Using tools from number theory, the algorithm consists of a procedure which transforms the problem of prime factorings into a problem of period finding. The advantage of this is that the period finding part, which is exponentially hard on classical computers, can be implemented efficiently (i.e. in polynomial time) with a quantum computer.
The details of the algorithm can be found across the internet. Here’s a video of a talk by James Birnie but I recommend you to also look for your own research material. There’s some non-trivial maths going on and it’s not easy to understand all of the different elements involved in the algorithm. It helps to read multiple different tutorials and explanations.
Anyway, for the moment, let’s just implement the classical parts in Julia. It turns out to be quite simple. These are the steps:
- Step 1: choose a random number 1 < a < N
- Step 2: find r, the period of $a^x (mod N)$ with respect to x
- Step 3: check that r is even and $a^{r/2}+1 \neq 0 (mod N)$
- Step 4: calculate the factors (p,q) as $p = gcd(a^{r/2}-1, N)$ $q = gcd(a^{r/2}+1, N)$
Obviously before we can do anything we need a number to factor. Let’s use 37 * 41 = 1517.
# Number to factor, a multiple of two prime factors > 2
N = 1517
The first step is to choose a random number $a < N$. Also we don’t want to use the degenerate case of $1$.
a = BigInt(rand(2:N))
We use Julia’s arbitrary precision integers (BigInts) because the exponents get very big very quickly and even 64 bit integers will likely overflow.
The next step is to find the period, say $r$, of $a^x mod N$ with respect to $x$. This is the operation that will be done with a quantum computation. For now we’ll do it with a brute force approach but remember that this would be prohibitively time-consuming when the number to factor is large.
r = 1
while a^r % N != 1 && r < N
global r
r = r + 1
end
After running the above code let’s look at the results:
> @show N, a, r
(N, a, r) = (1517, 1371, 180)
So we have our period, 180. Lucky we used arbitrary precision integers, $1371^{180}$ is a very, very big number!
Next, for the calculation to work we need to check that the period is even and that: $a^{r/2}+1 \neq 0 (mod N)$. If it isn’t then we just try again with another value for $a$.
if r % 2 == 0 && a^(r>>1) % N != 0
...
end
Finally we calculate the factors, $p$ and $q$. Julia gives us an implementation of the greatest common divisor algorithm as part of its base functions, so no need to worry about that. The factors are $p=gcd(a^{r/2}-1, N)$ and $q=gcd(a^{r/2}+1, N)$. To keep the types as integers we can use the bit shift operator rather then dividing by 2. In Julia this is simply:
p = gcd(a^(r>>1)-1, N)
q = gcd(a^(r>>1)+1, N)
So what’s the result?
> @show p, q
(p, q) = (41, 37)
Which are the numbers we first thought of!

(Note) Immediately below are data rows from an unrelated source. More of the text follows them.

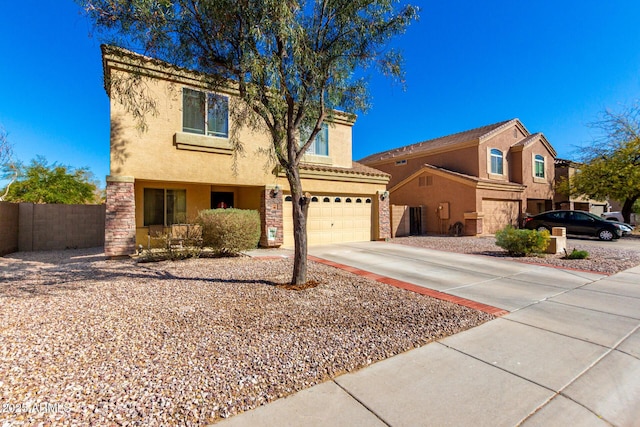 view of front of house featuring a garage, fence, concrete driveway, and stucco siding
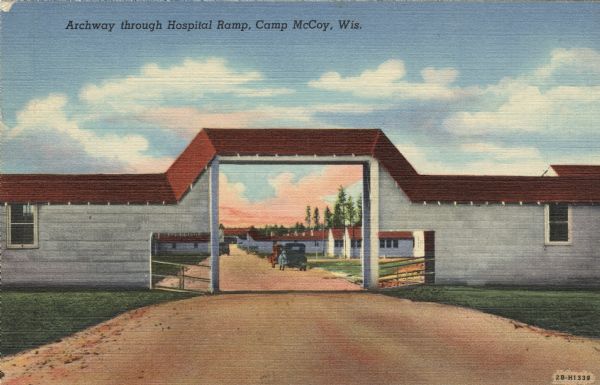 Colorized postcard view of an arch at Camp McCoy with ramps on either side and a road passing through it. Parked cars and barracks are on the far side of the arch. Caption reads: "Archway through Hospital Ramp, Camp McCory, Wis."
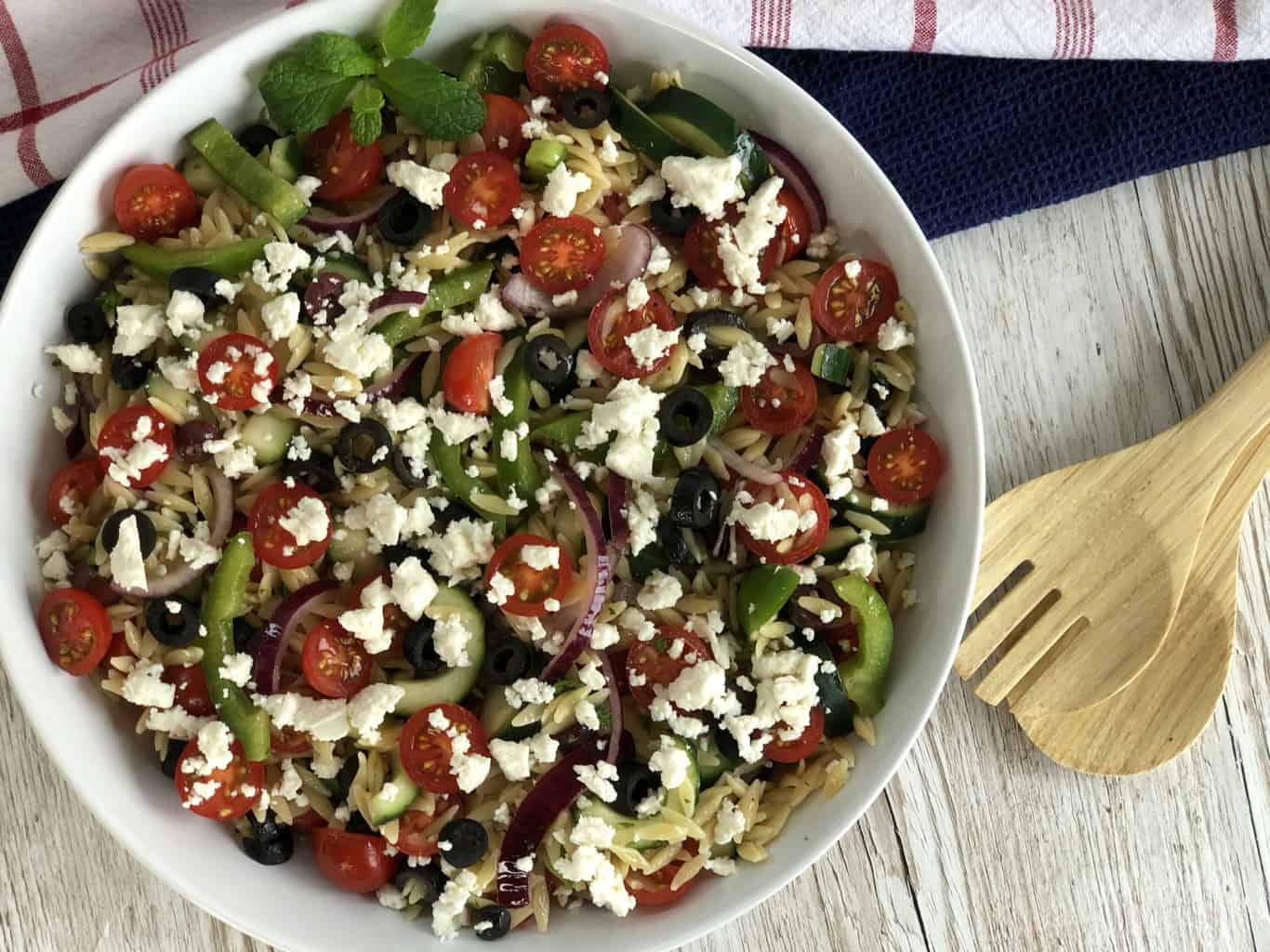 An overhead photograph of greek orzo salad and two wooden serving spoons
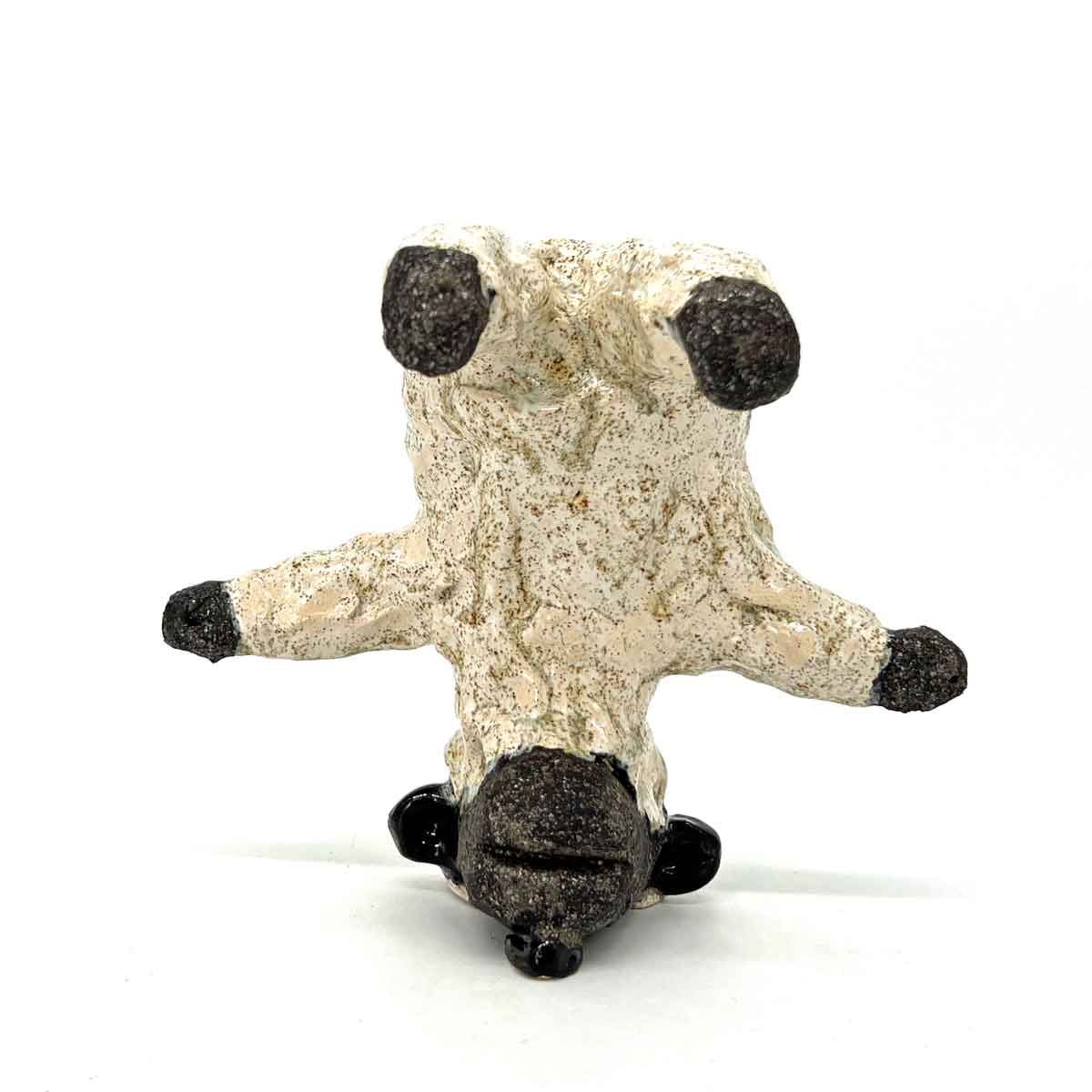 Klein beige knuffeldier met zwarte oren, poten en neus, rechtopstaand op een witte achtergrond.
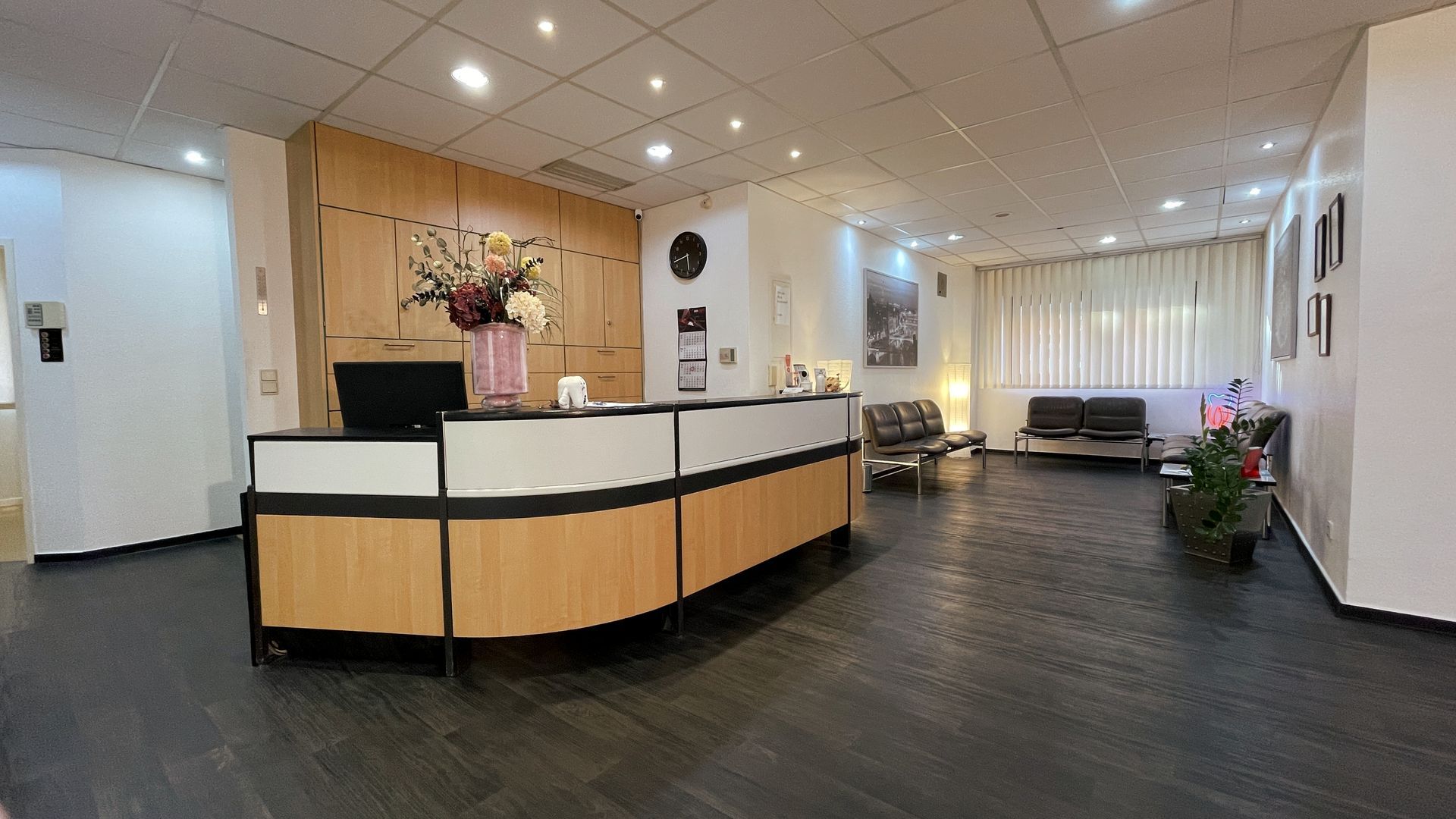 Geschwungener Empfangstresen in hellem Holz | Sitzgelegenheiten mit brauner Lederoptik | Dunkler Holzboden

Right, that’s the easy part and with Julia it was very straightforward due to the native arbitrary precision integers and exponent operators. The hard part is the actual quantum algorithm which we’ll come back to in a later post.
So here’s the classical algorithm ion it’s entirety. There are some edge case that are not being checked but this is basically it.
# Number to factor, a multiple of two prime factors > 2
N = 1517
# Step 1: choose a random number 1 < a < N
a = BigInt(rand(2:N))
# Step 2: find r, the period of a^x mod N
r = 1
while a^r % N != 1 && r < N
global r
r = r + 1
end
@show N, a, r
# Step 3: check that r is even and a^(r/2)+1 != 0 mod N
if r % 2 == 0 && a^(r>>1) % N != 0
# Step 4: calculate the factors
p = gcd(a^(r>>1)-1, N)
q = gcd(a^(r>>1)+1, N)
@show p, q
end